EXERCISE GOAL:
Please give the lines below again exactly as they stand, from the one that contains "ISO 3527:2016 - Essential" up to and including the one that contains "Released:3/24/2016", leaving all pictures out.

-- INFORMATION SUPPLIED follows --

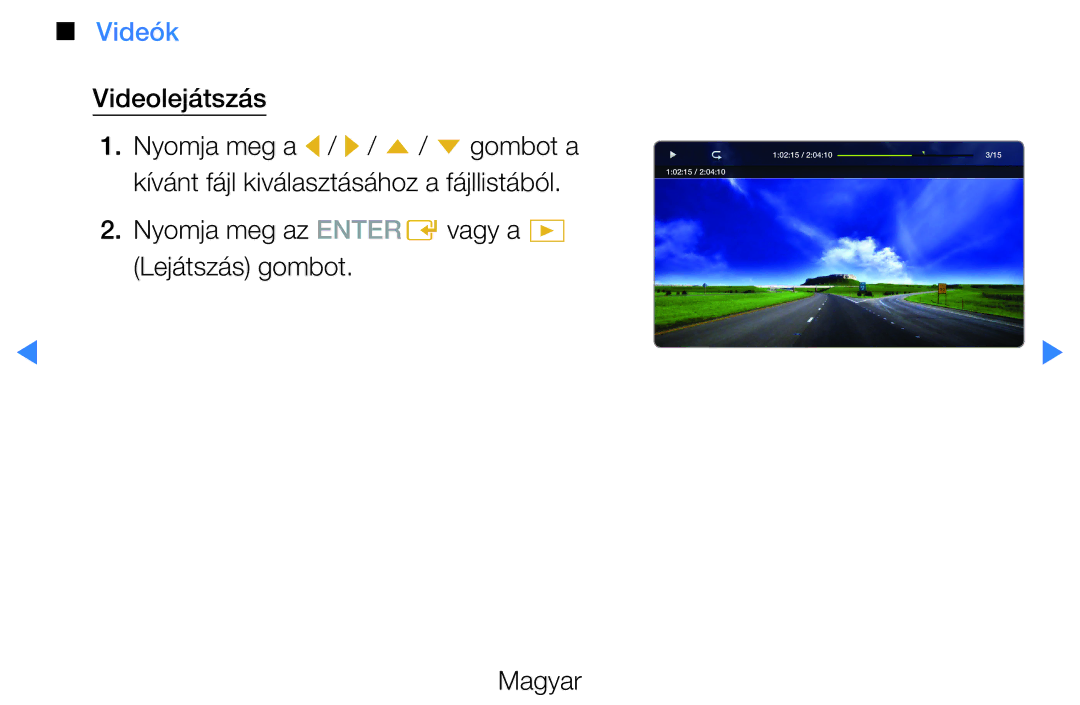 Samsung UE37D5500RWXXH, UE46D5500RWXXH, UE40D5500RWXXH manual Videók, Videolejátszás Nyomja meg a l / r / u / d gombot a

-- INFORMATION SUPPLIED concluded --
-- INFORMATION SUPPLIED follows --

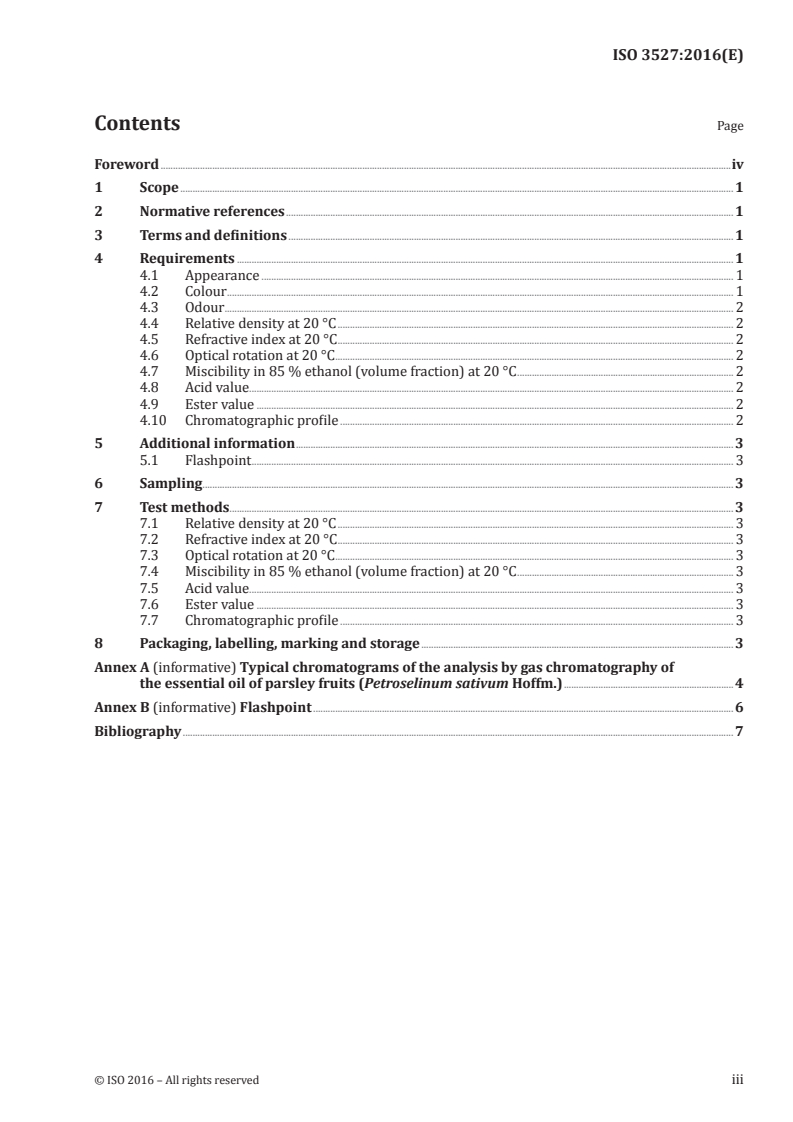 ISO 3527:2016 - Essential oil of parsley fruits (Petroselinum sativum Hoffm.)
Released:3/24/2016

-- INFORMATION SUPPLIED concluded --
-- INFORMATION SUPPLIED follows --

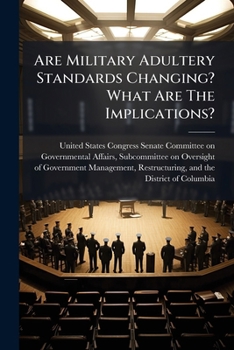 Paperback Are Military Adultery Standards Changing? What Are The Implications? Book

-- INFORMATION SUPPLIED concluded --

ANSWER:
 ISO 3527:2016 - Essential oil of parsley fruits (Petroselinum sativum Hoffm.)
Released:3/24/2016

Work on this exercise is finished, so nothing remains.